Take the entries that follow and return exactly the lines from the one holding "14 Orwell Way, Butler WA 6036" through the one holding "806 Colony Oaks Drive Unit: B", both included. Nothing else is needed.

INFORMATION SHOWN
%%

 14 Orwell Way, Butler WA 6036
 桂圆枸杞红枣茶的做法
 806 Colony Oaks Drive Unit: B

%%
%%

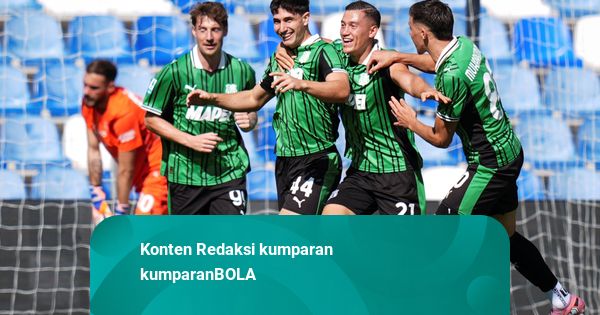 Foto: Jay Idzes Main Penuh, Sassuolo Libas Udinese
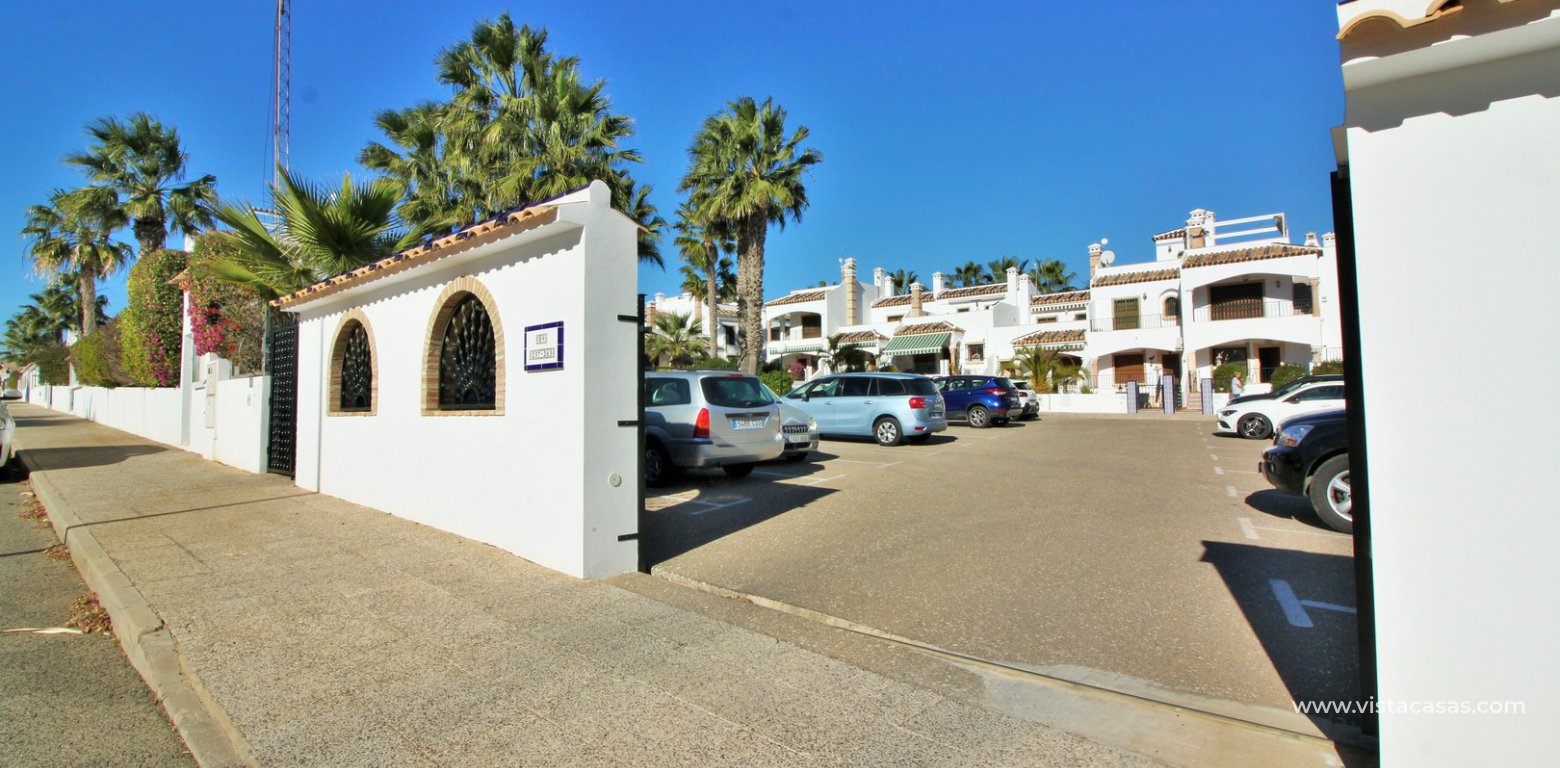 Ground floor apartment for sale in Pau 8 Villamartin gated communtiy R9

%%

WRITTEN REPLY
 14 Orwell Way, Butler WA 6036
 桂圆枸杞红枣茶的做法
 806 Colony Oaks Drive Unit: B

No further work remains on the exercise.